The group of studies to which the content analysis of the Los Angeles Times astrology column belongs, sets as its aim the investigation of the nature and motivations of some large-scale social phenomena involving irrational elements in a peculiar way – fused with what may be dubbed pseudo-rationality. Various mass movements spread all over the world in which people seem to act against their own rational interests of self-preservation and the “pursuit of happiness” have been evident now for a considerable length of time. It would be a mistake, however, to call such mass phenomena entirely “irrational,” to regard them as completely disconnected from individual and collective ego aims. In fact, most of them are based on an exaggeration and distortion of such ego aims rather than on their neglect. They function as though rationality of the self-maintaining body politic had grown malignant and therewith threatened to destroy the organism. This malignancy, however, can be demonstrated only after the autopsy. Often enough the consequence of apparently rational considerations leads to ultimately fatal events – the most recent example being Hitler’s shrewd and temporarily highly successful policy of national expansion which by its own logic inexorably led to his doom and world catastrophe. In fact, even when whole nations assume the role of profiteers of Realpolitik, this rationality is only partial and dubious. While the calculations of self-interest are pushed to extremes, the view of the totality of factors, and in particular, of the effects of such a policy upon the whole seems to be strangely curtailed. Overly shrewd concentration on self-interest results in a crippling of the capacity to look beyond the limits of self-interest and this finally works against itself. Irrationality is not necessarily a force operating outside the range of rationality: it may result from the processes of rational self preservation “run amuck.”

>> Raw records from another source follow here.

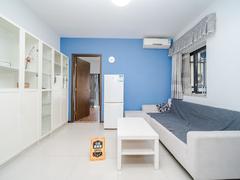 侨城馨苑 2室1厅61.71m²整租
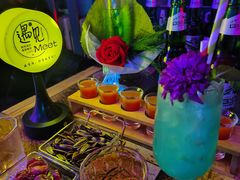 -遇见MeeT音乐酒吧(昌平鼓楼店)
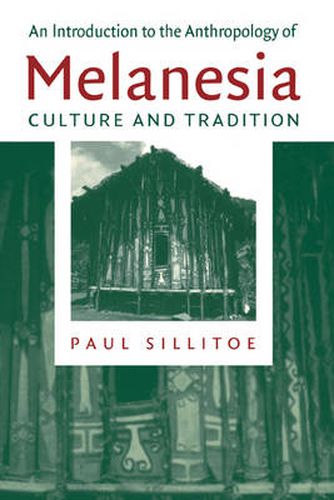 Cover image for An Introduction to the Anthropology of Melanesia: Culture and Tradition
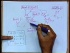 Synthesis (Part V)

It is the pattern of interacting rational and irrational forces in modern mass movements upon which our studies hope to throw some light. The danger is by no means, as some theories such as Brickner’s Is Germany Incurable?1 would like to have it, a specific German illness, the collective paranoia of one particular nation, but seems to spring from more universal social and cultural conditions. One of the most important contributions psychiatry and psychoanalytically-oriented sociology can make in this respect is to reveal certain mechanisms which cannot be grasped adequately either in terms of being sensible or in terms of delusions. Their investigation points to a definite basis in certain subjective dispositions though they certainly cannot be explained altogether psychologically. Psychotic character structure may sometimes though by no means always, be involved. In view of the presupposition of psychological “susceptibility” it may be assumed that they do not manifest themselves only in the sphere of politics that is at least on the surface realistic, but can be studied in other social areas as well, or even better, although the reality factor is rarely absent even from fads which somehow pride themselves on their own irrationality. Such an approach might be less hampered by rationalizations which in the field of politics are hard to discount. It also might violate fewer taboos and deep-rooted canons of behavior. Above all, it should be possible to analyze the inner structure of such movements on a small test-tube scale, as it were, and at a time when they do not yet manifest themselves so directly and threateningly that there is no time left for objective and detached research. The danger of ex post facto theories might thus be partially avoided.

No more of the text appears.